──────── COLLECTED MATERIAL
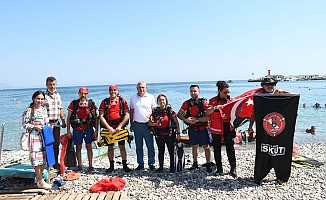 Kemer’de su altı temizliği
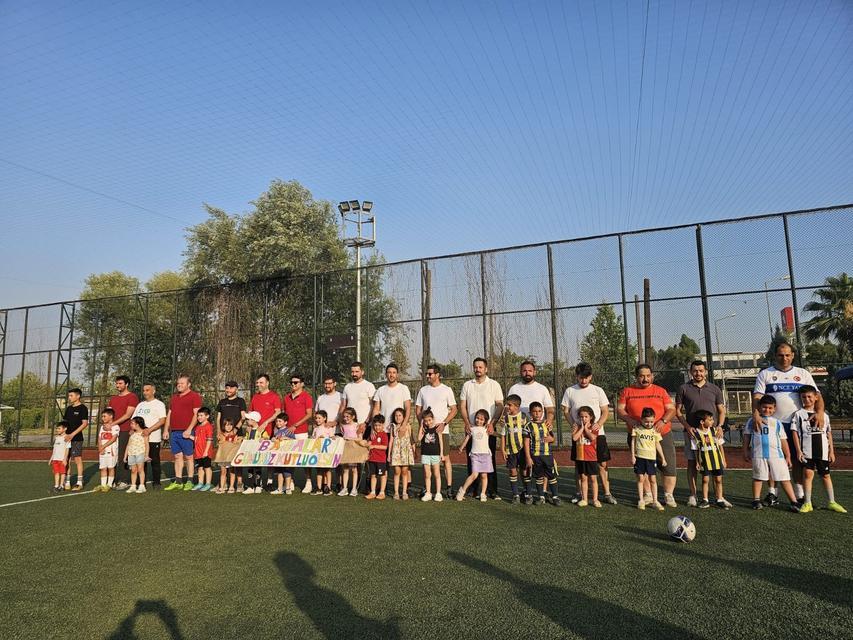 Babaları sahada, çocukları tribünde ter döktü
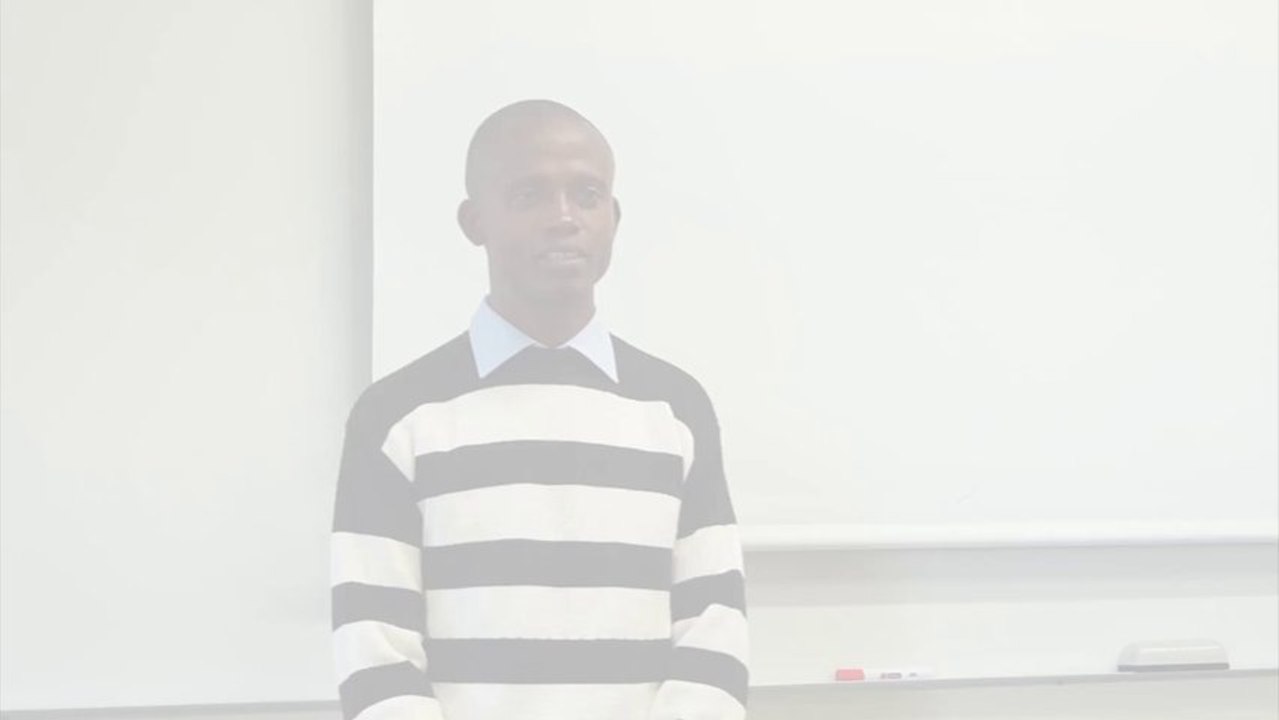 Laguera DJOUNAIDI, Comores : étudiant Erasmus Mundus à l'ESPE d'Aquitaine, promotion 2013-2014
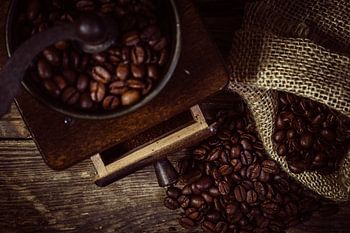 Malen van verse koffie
────────────────
» EXERCISE DIRECTIONS
Write out the listing above again, exactly, but with no pictures in the copy.

» WRITTEN REPLY
 Kemer’de su altı temizliği
 Babaları sahada, çocukları tribünde ter döktü
 Laguera DJOUNAIDI, Comores : étudiant Erasmus Mundus à l'ESPE d'Aquitaine, promotion 2013-2014
 Malen van verse koffie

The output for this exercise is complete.